Even today the Indian psyche remains closely connected with trees. It is still believed, for example, that the ghosts of brahmans live in fig trees, both pipal (Ficus religiosa) and banyan (Ficus indica), awaiting reincarnation and generally relief from their situation. I can sympathise. The Ficus family, by the way, is an extremely widespread one, with several hundred species, dozens of which are native to Asia. Among sacred trees, figs tend to be the most highly venerated in India.

Trees had, and have, a noteworthy impact in Japan also. The Japanese pagoda tree (Sophora japonica) and the cryptomeria were venerated at Shinto shrines, and still are in a certain form. Especially sacred was the sakaki, a branch which sticks upright in the ground and is represented by the shin-no-mihashira, or sacred central post. The Japanese plum or ume (Prunus salicina, sometimes referred to as a Japanese apricot) played a central role in Japanese culture for many centuries. 

Druids. The Druids in the 2nd century BC in Britain conducted their sometimes intriguing and often alarming affairs in groves of oak trees. 

Amongst other things the Druids, whose name by the way means ‘known to oak trees’, believed the interior of the oak was the abode of the dead. Not the sort of place you wanted to accidentally end up and they went to amazing ends to keep their distance. (Charles II famously hid in the bowels of an oak during Britain’s last Civil War in the 17th century.) One of the Druids prayers indicates just how extensively they affixed mythical powers on trees: 

We ask for the blessing of the Inner Guardians of the Order and of our Druid forebears that this Grove might become a truly holy and sanctified place.

We respect and honour and admire you, o trees, for you represent both Peace and Power. 

Though you are mighty you hurt no creature.

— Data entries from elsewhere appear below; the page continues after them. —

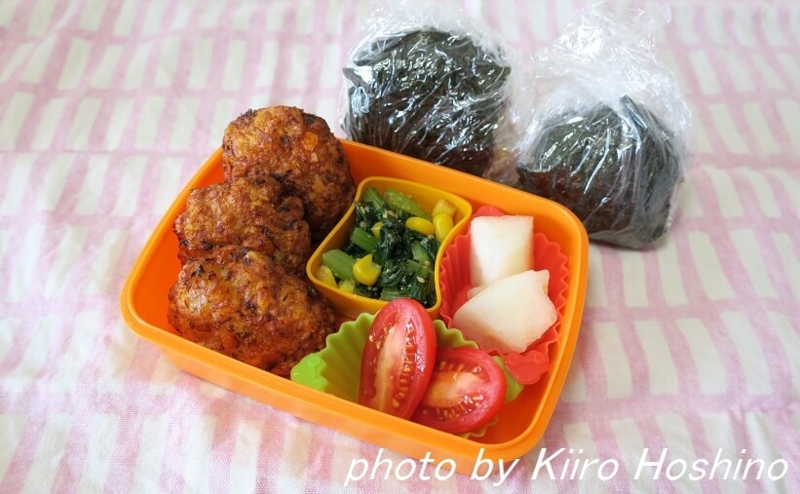 お弁当、2016-9-25、息子弁当 お弁当、2016-9-25、息子弁当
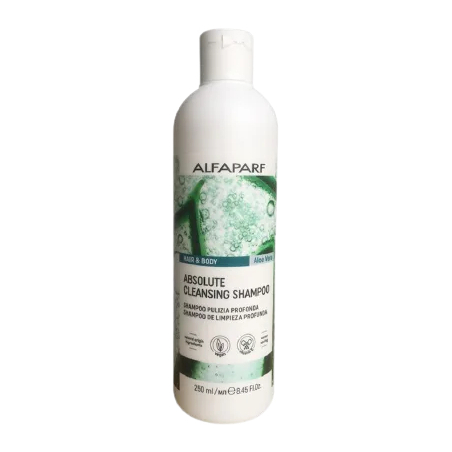 Čisticí šampon Hair & Body Absolute (Cleansing Shampoo) Alfaparf Milano - 250 ml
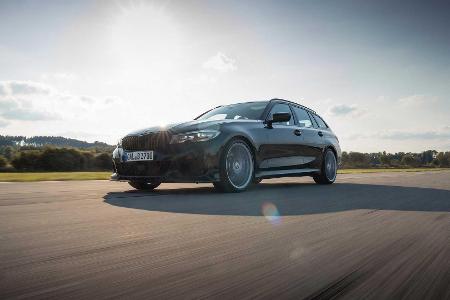 Alpina B3 Touring debütiert als coolerer M3 Kombi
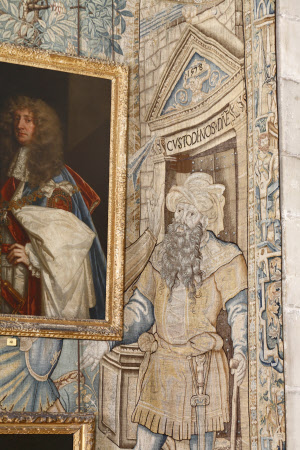 Hardwick Hall © National Trust / Robert Thrift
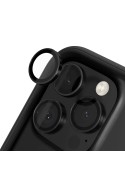 Film de Protection en Verre Trempé pour iPhone 16 Pro/16 Pro Max - Noir - Rhinoshield photo 2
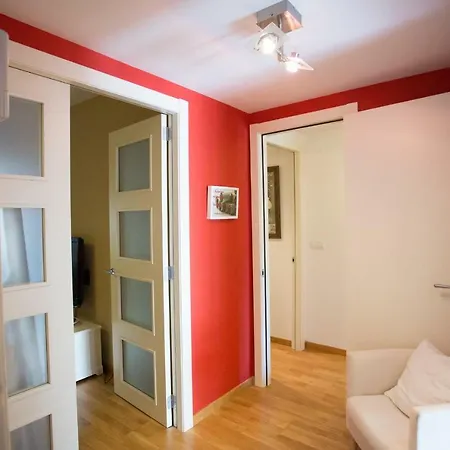 Apartment Apartamento Encanto Hato Verde Sevilla Canovas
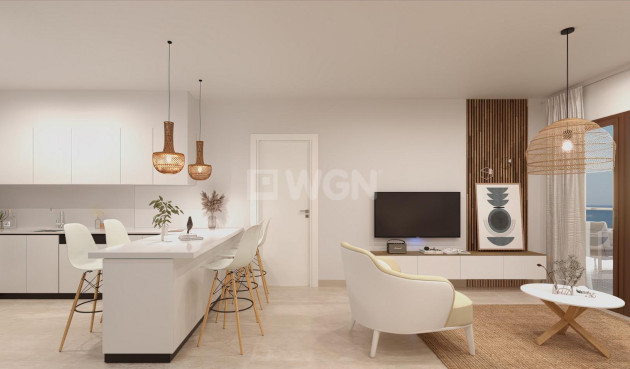 New Build - Apartment / flat - Vera - Vera Playa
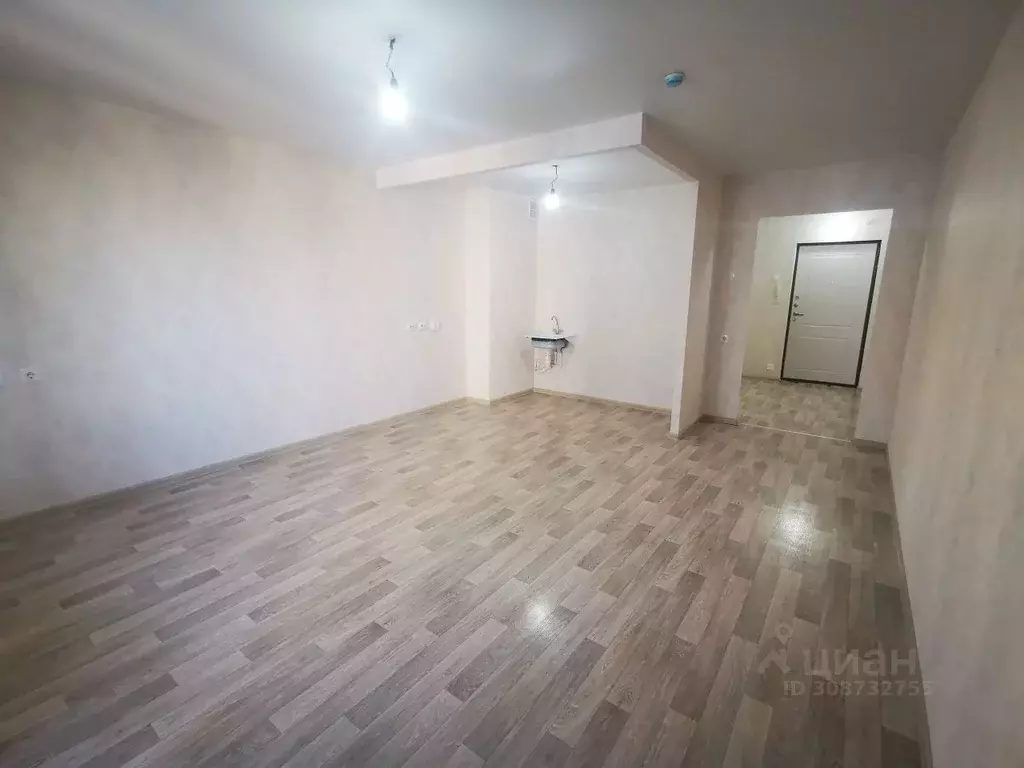 Студия Красноярский край, Красноярск ул. Спандаряна, 1Б (38.5 м) - Фото 0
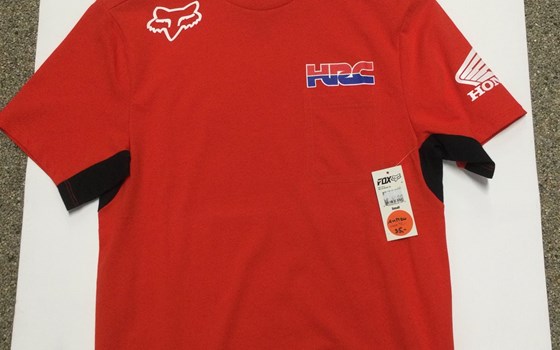 HRC SS Airline Tee - Bild 1
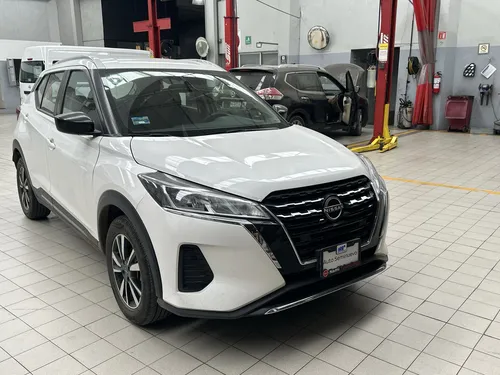Nissan Kicks 1.6 Advance Tm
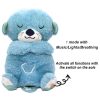 Sleepy Bunny Plush Toy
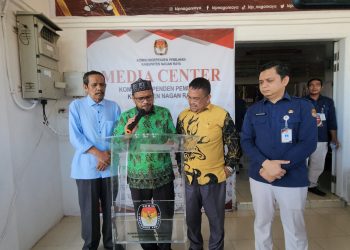 Hingga Hari ke-13, Baru 11 Parpol yang Mendaftarkan Pengajuan Bacaleg di KIP Nagan Raya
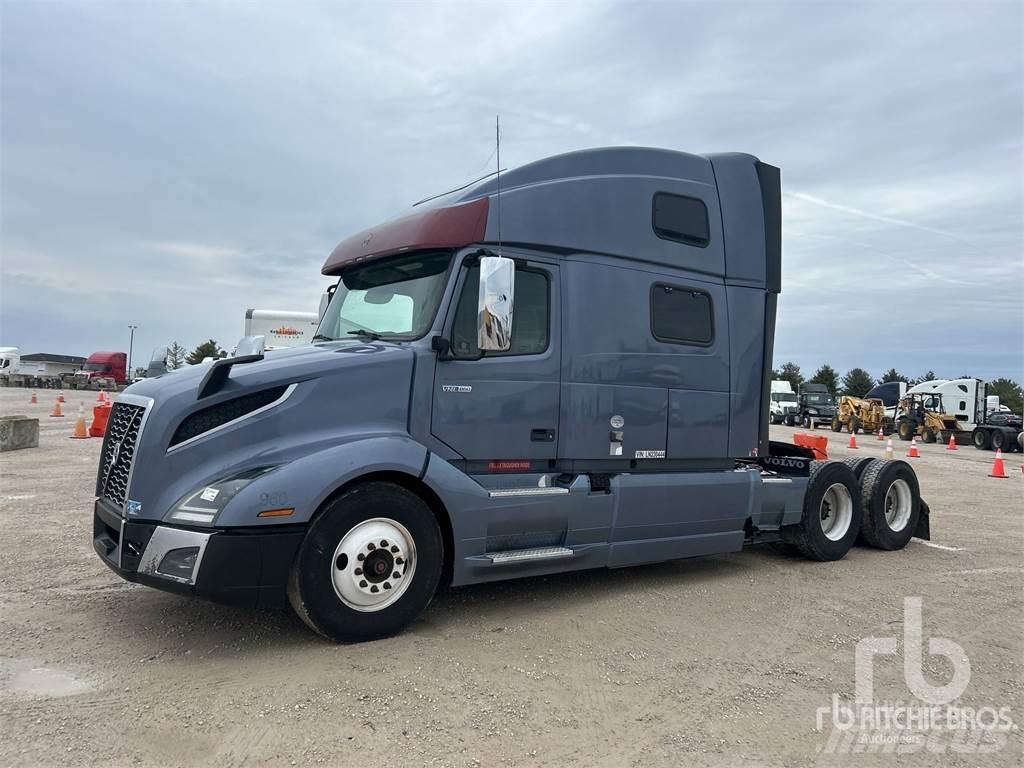 Volvo VNL860 وحدات الجر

Though you sustain us with your breath, you will give up your life to house and warm and teach us. 

We give thanks for your blessing upon our lives and upon our lands. May you fare well in this chosen place. 

Amen.

Druids had an interesting inclination towards Hazel trees (Corylus avellana), which they considered to be the home of wisdom. Consequently they used it for various purposes, ranging from divining, the search for water, to encouraging fertility in women. Indeed a useful wood. Though of course the latter quality has not been able to bear quite the same scrutiny by modern science as the former. 

Also vulnerable to scrutiny is the Druid belief that willow held the gift of prophecy. Next time you accidentally bump into a willow tree, please note. 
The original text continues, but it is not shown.